An HTML document differs from a standard SGML in several major respects, as it is based on a frozen SGML document description. This means that the document definition isn’t included with every HTML document, keeping the document size down and making them more suitable for use over a distributed network. However it does mean that the author of an HTML page is unable to take advantage of three of the key features of SGML: extensibility, structure and validation. Web application developers can’t add their own tags to HTML pages and expect them to be parsed by web browsers. There’s also no deep structure in HTML that allows pages to be used as database schema, and it is difficult for external applications to validate the data as the HTML tags are loosely defined.

The development of the World Wide Web as a business-to-business communications medium has lead to a requirement for HTML-based documents to be used to transfer structured data.
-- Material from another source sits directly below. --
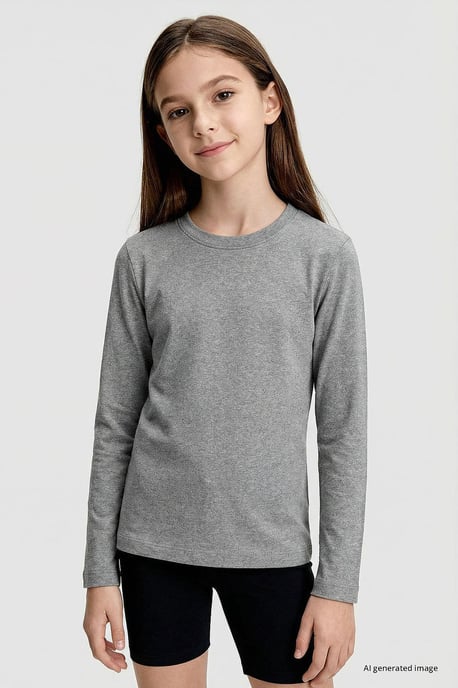 Tommy Life Camiseta infantil de manga larga y cuello redondo - Image 5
The W3C has set up an SGML Working Group to develop a system of delivering SGML-style self-describing documents using the HTTP protocol and standard web servers. One main requirement is that the documents produced can be as complex as required by the applications that will use them, rather than setting limits in the document definition.

The result of the SGML working group’s discussions is XML. Like SGML, XML is extensible, structured and can be validated, but it’s also easier to use and implement than SGML. Using XML, it’s possible to define new tags and attributes as and when they’re needed, and to nest them in complex document structures. It’s also possible to add a description of the page grammar, so that external applications can validate a document’s structure before using the data.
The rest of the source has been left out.